A decisão é histórica, mas não pensemos que com ela se compra o perdão – sequer o esquecimento – de todas e todos os outros jovens negros que ao longo dos anos têm sido arrastados para esquadras, invadidos nas suas casas ou parados na rua pelo simples facto de serem jovens, negros e viverem no bairro.
“Começaram a encher-me de pontapés, arrastaram-me até à esquadra. Mandaram levantar a cara e depois deram socos. Um deles vira-se e diz: ‘Esse aí é português.’ E outro: ‘Não, ele é pretoguês’.”
Tal como para estes seis jovens, para todos os outros houve uma desculpa, um caso inventado, uma certeza de impunidade por parte das forças policiais que não é própria de um Estado de direito. Infelizmente, só neste caso chegou a haver acusação a membros da polícia por crimes de falsificação de relatórios, de autos de notícia e de testemunho.
A Assembleia da República faz bem em condecorar a associação Moinho da Juventude, da Cova da Moura, pelo inegável trabalho na defesa dos direitos humanos. Mas de que valem os prémios? É uma pergunta que os dois jovens da direção da Moinho da Juventude que foram torturados pela polícia podem legitimamente colocar: de que valem os prémios se os jovens deste e de outros bairros continuam a ser tratados como criminosos pelo Estado.
“Como é que se caiu no discurso de que fomos invadir uma esquadra?”, questiona Flávio. “Sou membro da direção do Moinho, trabalhei sempre com jovens na prevenção, fiz voluntariado na prisão para trabalhar a inclusão através da arte e agora vou invadir uma esquadra?”
Como todos os tabus com que não temos estômago para lidar coletivamente, o racismo institucional não é público o suficiente para que seja assumido como problema social. Mas existe. É mais discreto nas escolas e mais violento nas esquadras. É segregador. O racismo institucional é perpetuado por uma das maiores mentiras que contamos a nós próprios para nos reinventarmos como país: Portugal nunca foi racista.
Recuse-se esta memória construída de um passado benevolente em que fomos menos racistas do que os outros.
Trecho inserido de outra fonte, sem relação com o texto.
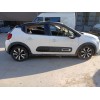citroën c3 iii (sx) del año 2024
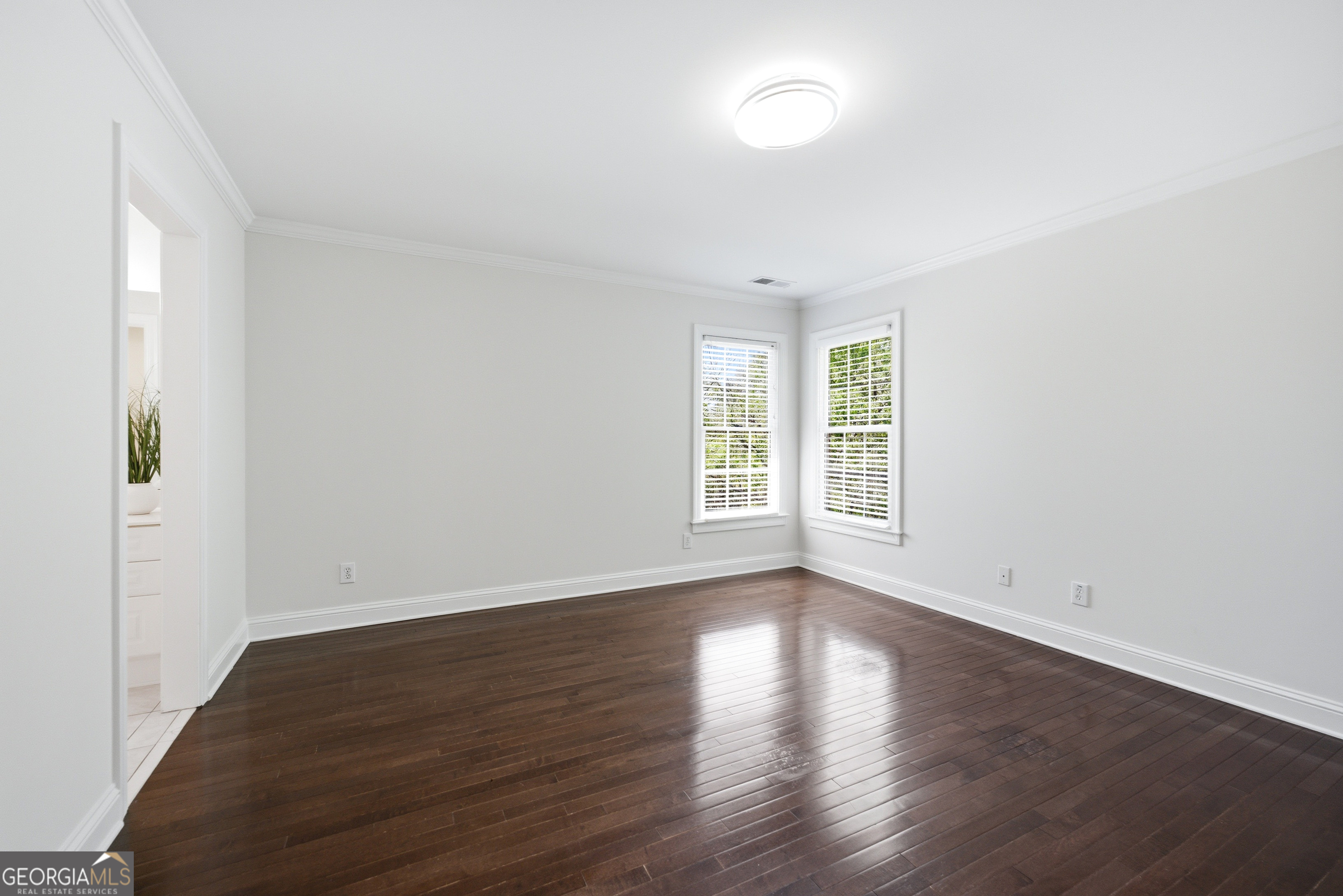 166 Windrift Drive Dallas GA 30132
Ela impede a sociedade de enfrentar a evidência de que as fraturas sociais e a reprodução da pobreza andam lado a lado com o racismo. Sair do estado de negação, assumir a fratura social é a única forma de enfrentar o problema de frente. Trabalhar a inclusão em vez fazer raides a bairros segregados, investir na prevenção e na proximidade como chave de políticas de segurança que precisam mais da Constituição do que de rambos.
“Consegui ver a expressão de um dos polícias quando disse com uma convicção que eu não consigo reproduzir: ‘Se eu mandasse, vocês seriam todos exterminados.’ Nunca tinha visto um ódio, em estado bruto, daquela forma. Nunca tinha visto e já vi muita coisa. A expressão dele era um ódio completamente cego e aquilo assustou-me: como é que uma sociedade anda a produzir indivíduos deste tipo?”